The two nuns allegedly stole $500,000 from a church school. Photo / 123RF stock image

An old cheque allegedly exposed decades of lies.

For nearly 28 years, Sister Mary Margaret Kreuper was the principal at St. James Catholic School, an elementary school in Torrance, California, a coastal suburb southwest of Los Angeles. Around the same time when Kreuper announced she was retiring earlier this year, a family at the school asked for a copy of an old cheque they had written to St. James. When staff members found the cheque, the Long Beach Press-Telegram reported, they realised it had not been deposited in St.
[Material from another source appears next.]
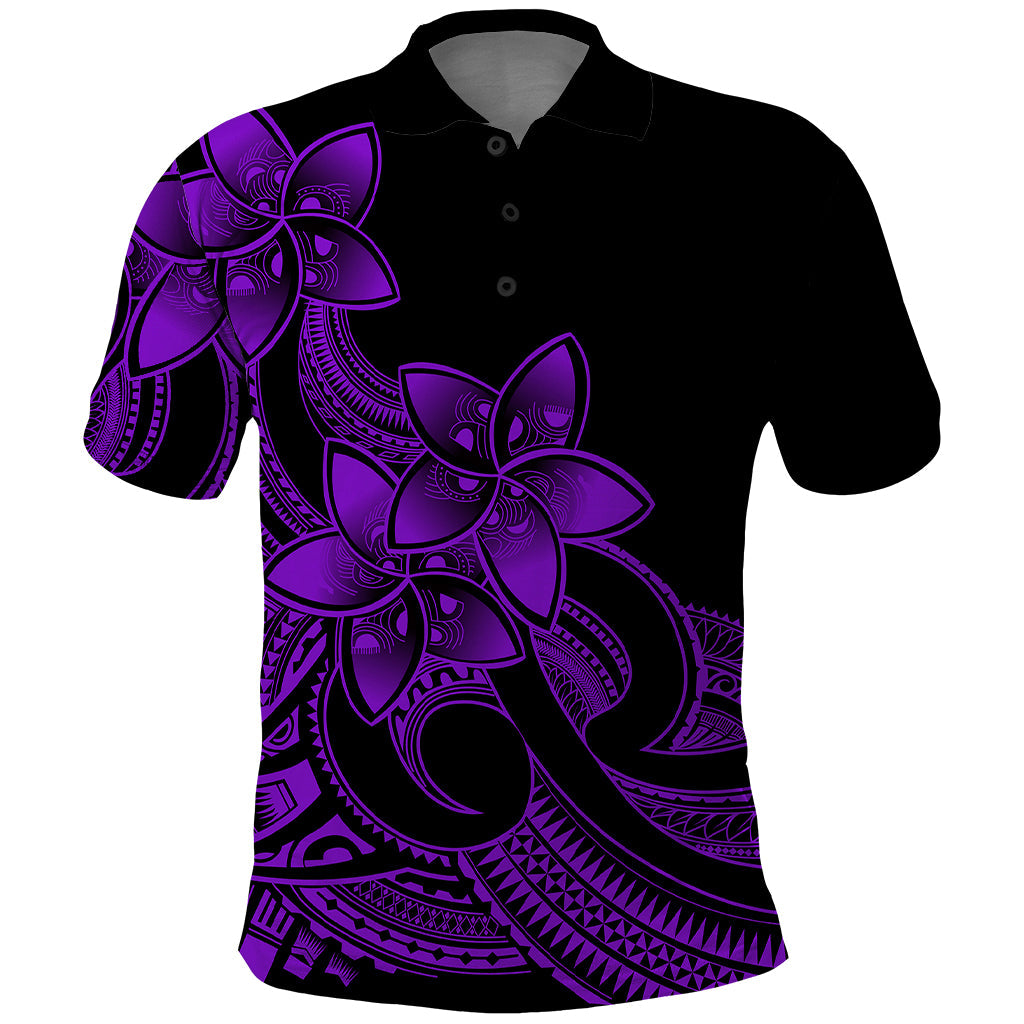 Polynesian Pride Plumeria Flowers Polo Shirt Polynesian Tribal Purple Vibe LT9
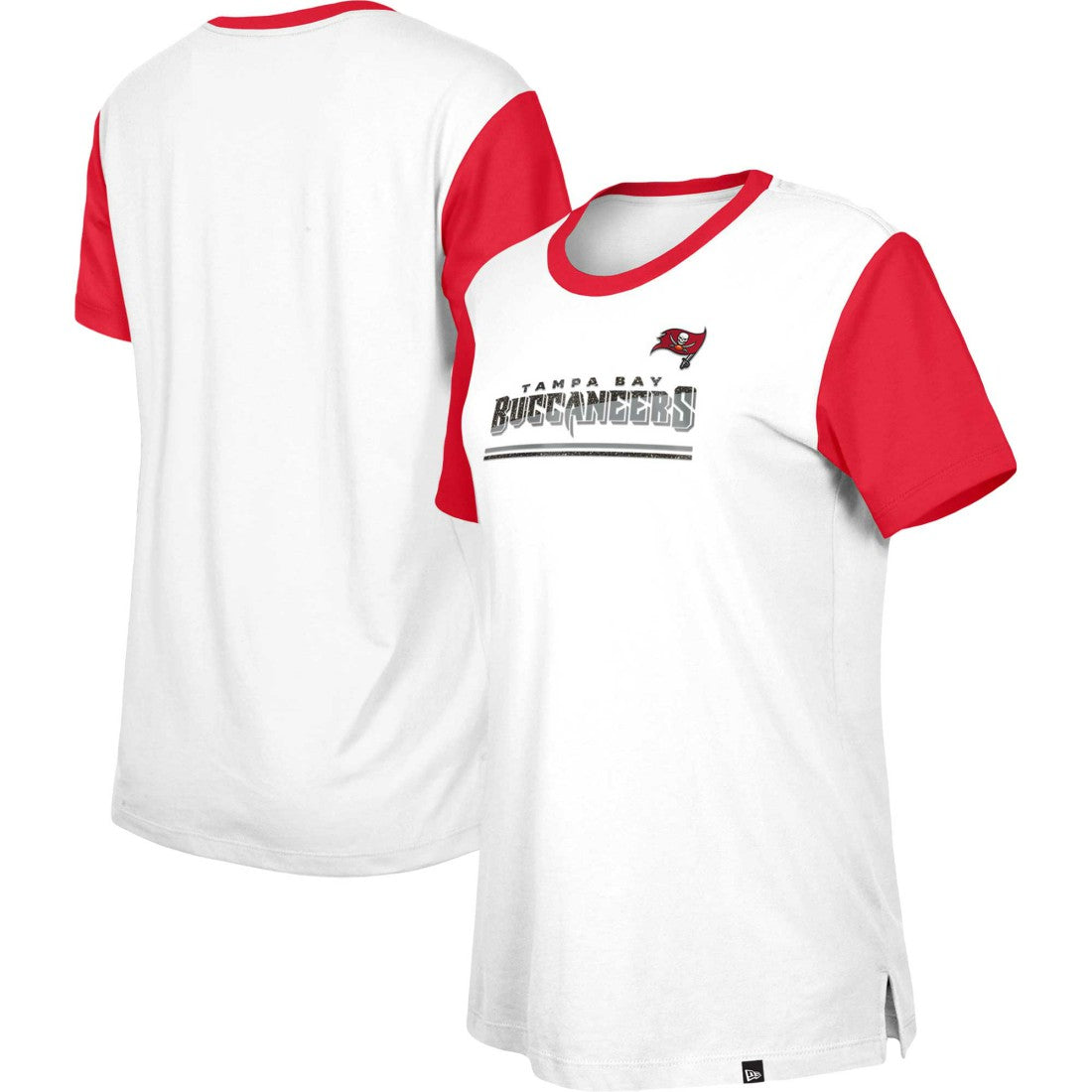 Tampa Bay Buccaneers New Era Women's Third Down Colorblock T-Shirt White/Red - NFL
James's account but a different bank account.

That was among the first clues that would unravel a vast fraud that was allegedly conducted by Kreuper and Sister Lana Chang, another nun and longtime St. James's teacher. School officials recently told parents the two nuns stole around $500,000 from the school. The school said that the two women, reportedly best friends, used the pilfered funds on trips and casino visits.

"We do know that they had a pattern of going on trips, we do know they had a pattern of going to casinos, and the reality is, they used the account as their personal account," Marge Graf, an attorney representing St. James, told a group of parents at a meeting last Monday night, according to the Beach Reporter.

The revelations came as a shock to parents and church members, who were not only operating under the impression that St. James was struggling to afloat in fiscally troubled waters, but also dealing with the aftershocks of tragedy. In 2014, four people were killed - including a 6-year-old boy - when an intoxicated woman ploughed into a crowd of people leaving a Christmas concert at St. James, according to the Los Angeles Times.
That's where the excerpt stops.